Work task - Quote these lines exactly: the one that holds "Next, take a" and every line after it to the end of the material below. Skip pictures.

*** Opening of Data below ***

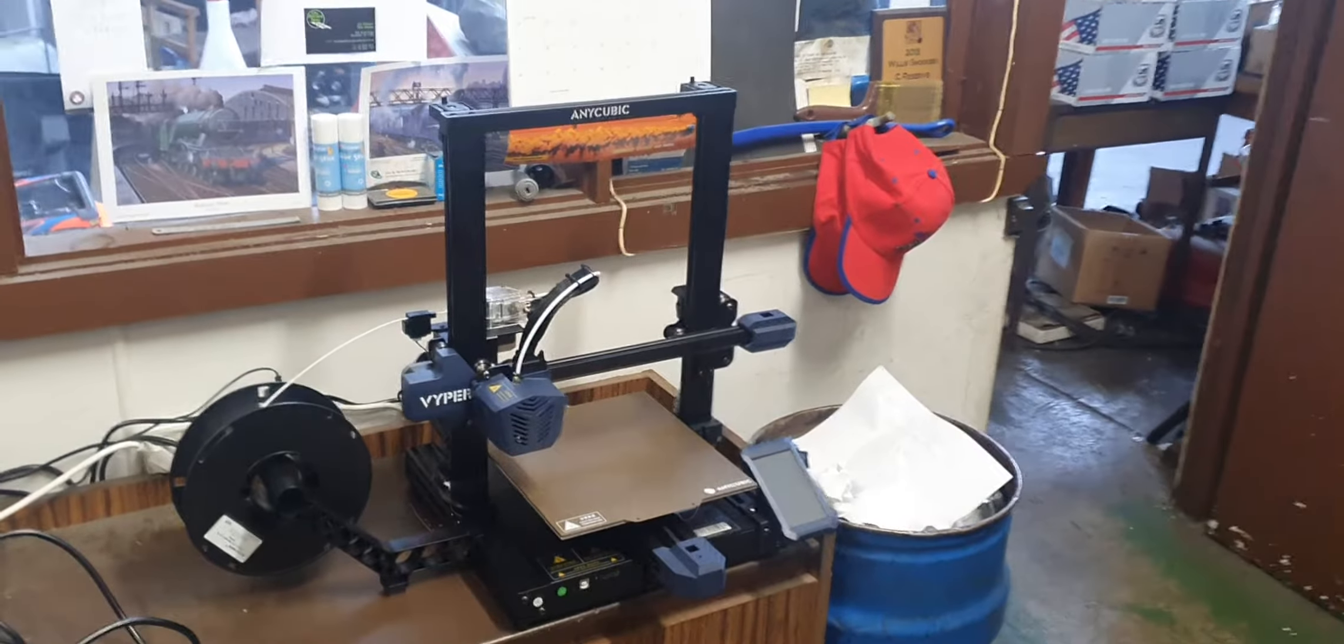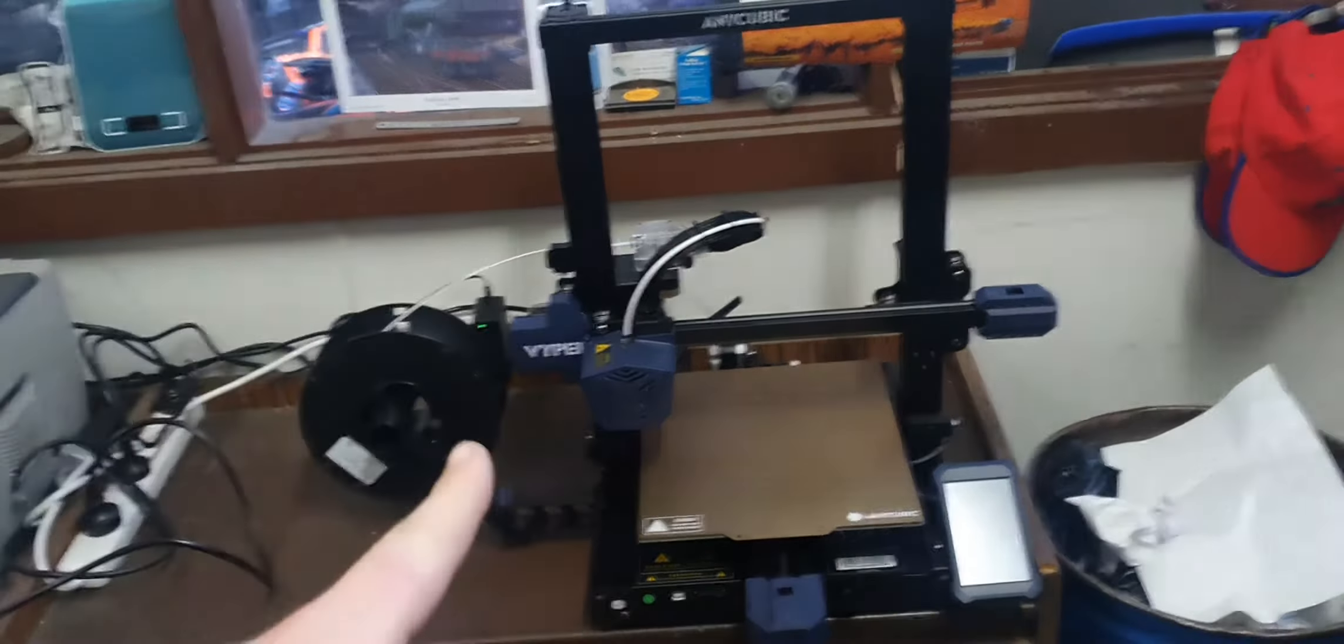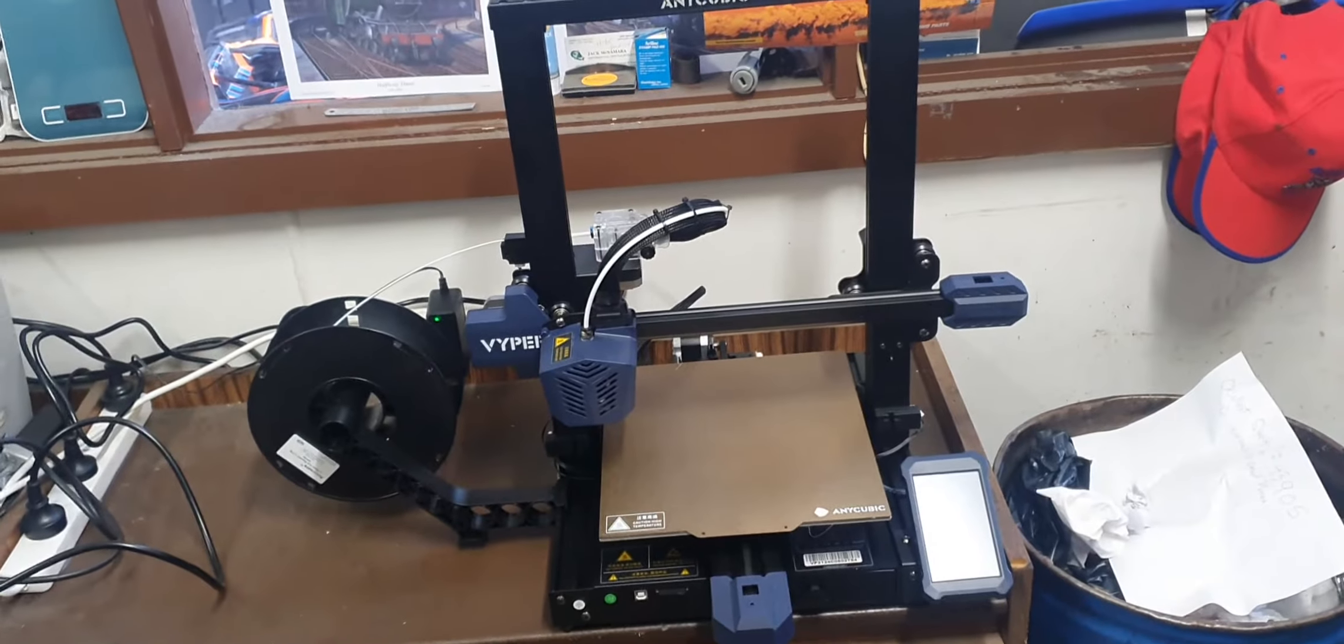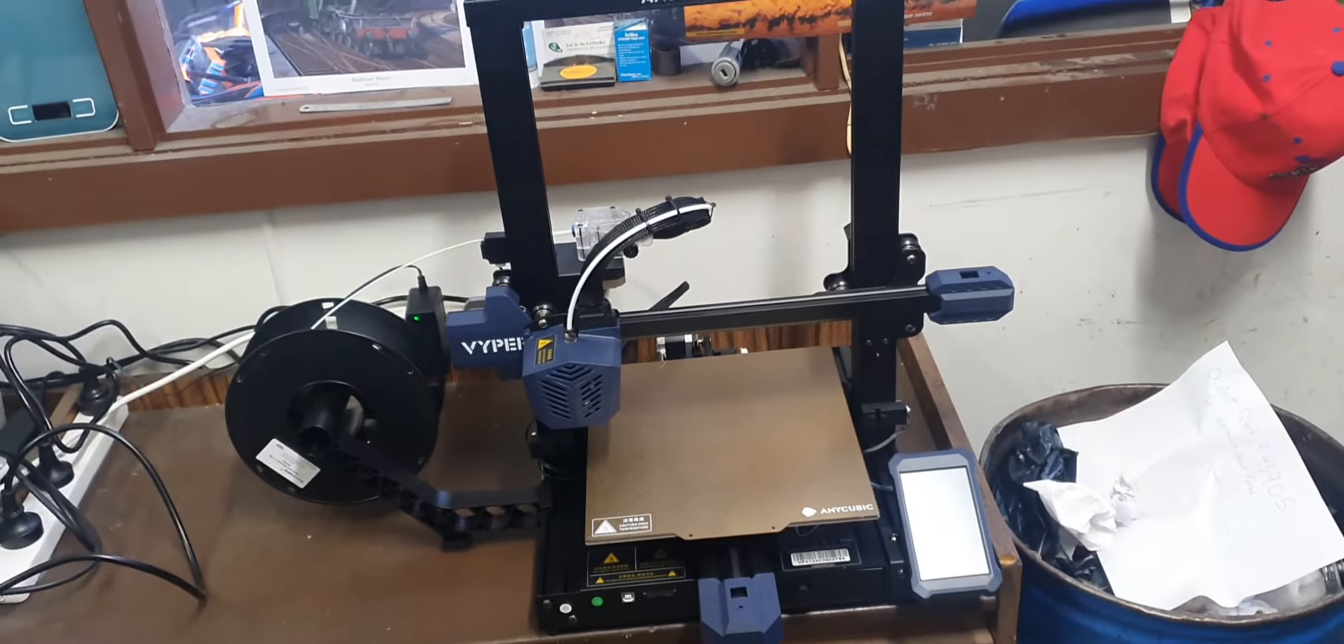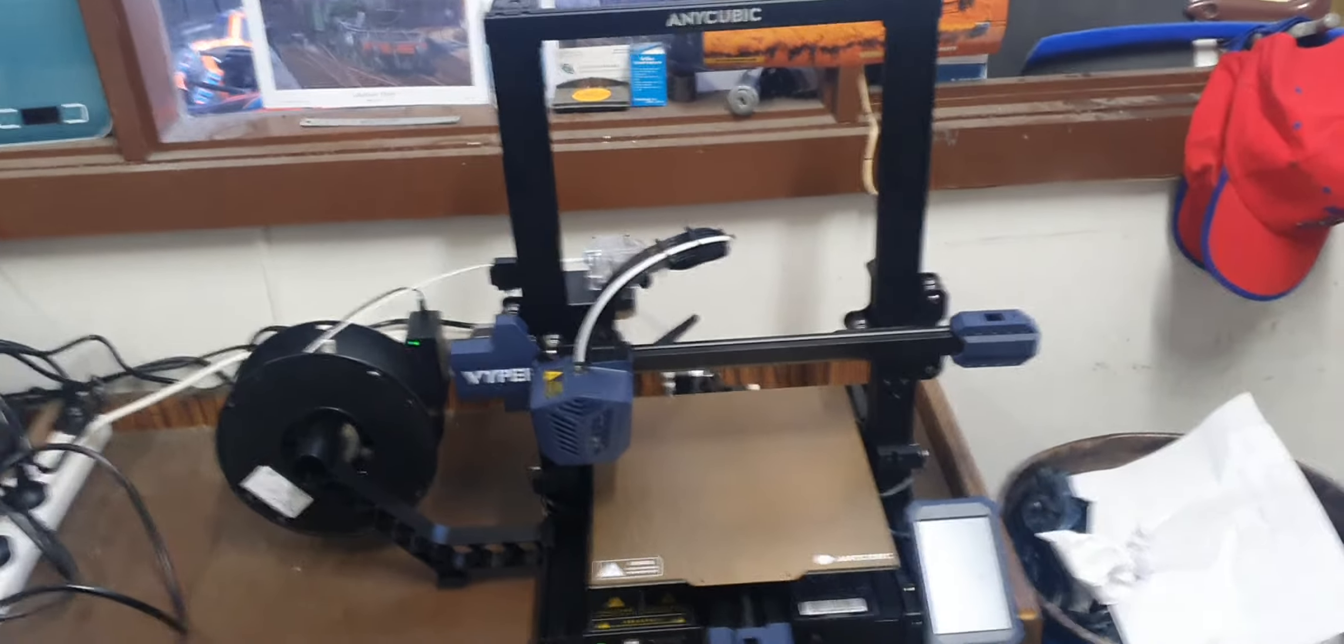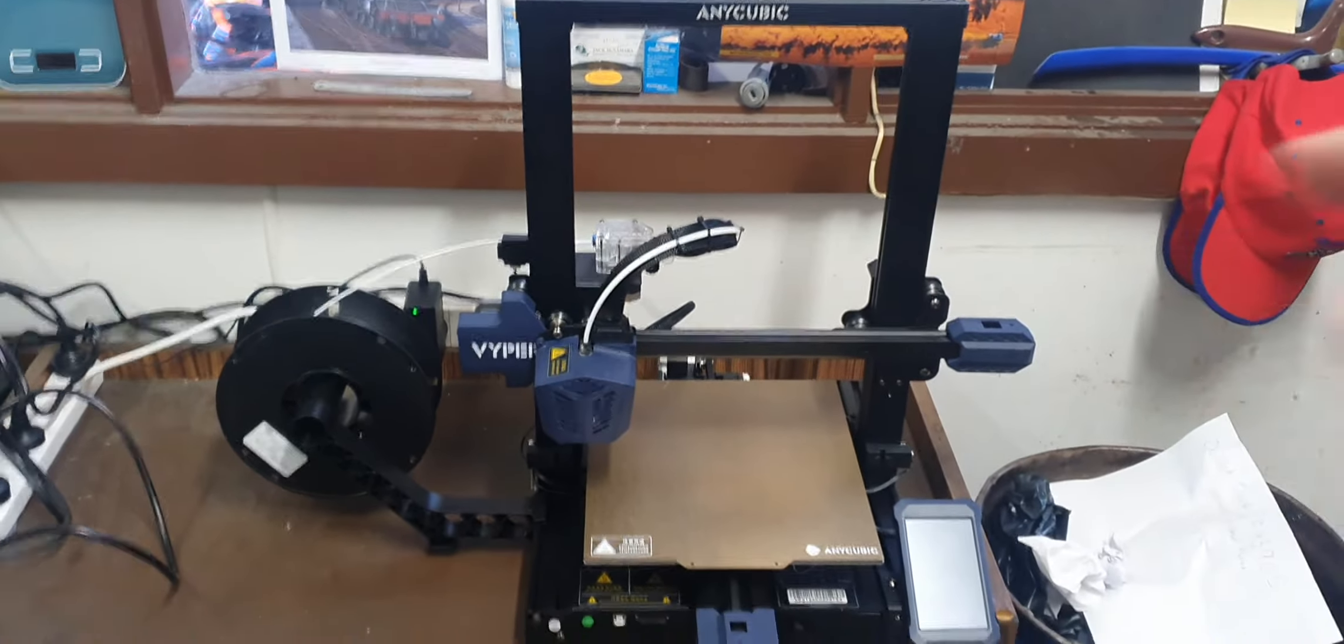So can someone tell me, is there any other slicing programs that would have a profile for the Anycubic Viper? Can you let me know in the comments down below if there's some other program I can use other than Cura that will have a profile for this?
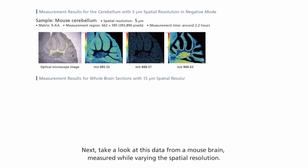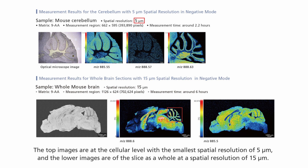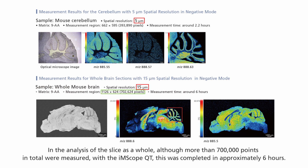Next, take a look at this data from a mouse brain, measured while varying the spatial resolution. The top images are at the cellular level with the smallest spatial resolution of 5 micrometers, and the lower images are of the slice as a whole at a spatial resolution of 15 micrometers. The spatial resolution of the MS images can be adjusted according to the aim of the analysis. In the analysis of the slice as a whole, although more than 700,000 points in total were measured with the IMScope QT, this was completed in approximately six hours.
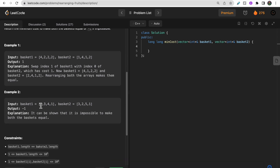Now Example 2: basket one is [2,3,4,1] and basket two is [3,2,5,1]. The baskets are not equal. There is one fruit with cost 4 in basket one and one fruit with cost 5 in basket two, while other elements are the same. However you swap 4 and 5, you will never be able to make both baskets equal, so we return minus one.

*** Close of Data below ***

Result for this task -
Next, take a look at this data from a mouse brain, measured while varying the spatial resolution. The top images are at the cellular level with the smallest spatial resolution of 5 micrometers, and the lower images are of the slice as a whole at a spatial resolution of 15 micrometers. The spatial resolution of the MS images can be adjusted according to the aim of the analysis. In the analysis of the slice as a whole, although more than 700,000 points in total were measured with the IMScope QT, this was completed in approximately six hours.
Now Example 2: basket one is [2,3,4,1] and basket two is [3,2,5,1]. The baskets are not equal. There is one fruit with cost 4 in basket one and one fruit with cost 5 in basket two, while other elements are the same. However you swap 4 and 5, you will never be able to make both baskets equal, so we return minus one.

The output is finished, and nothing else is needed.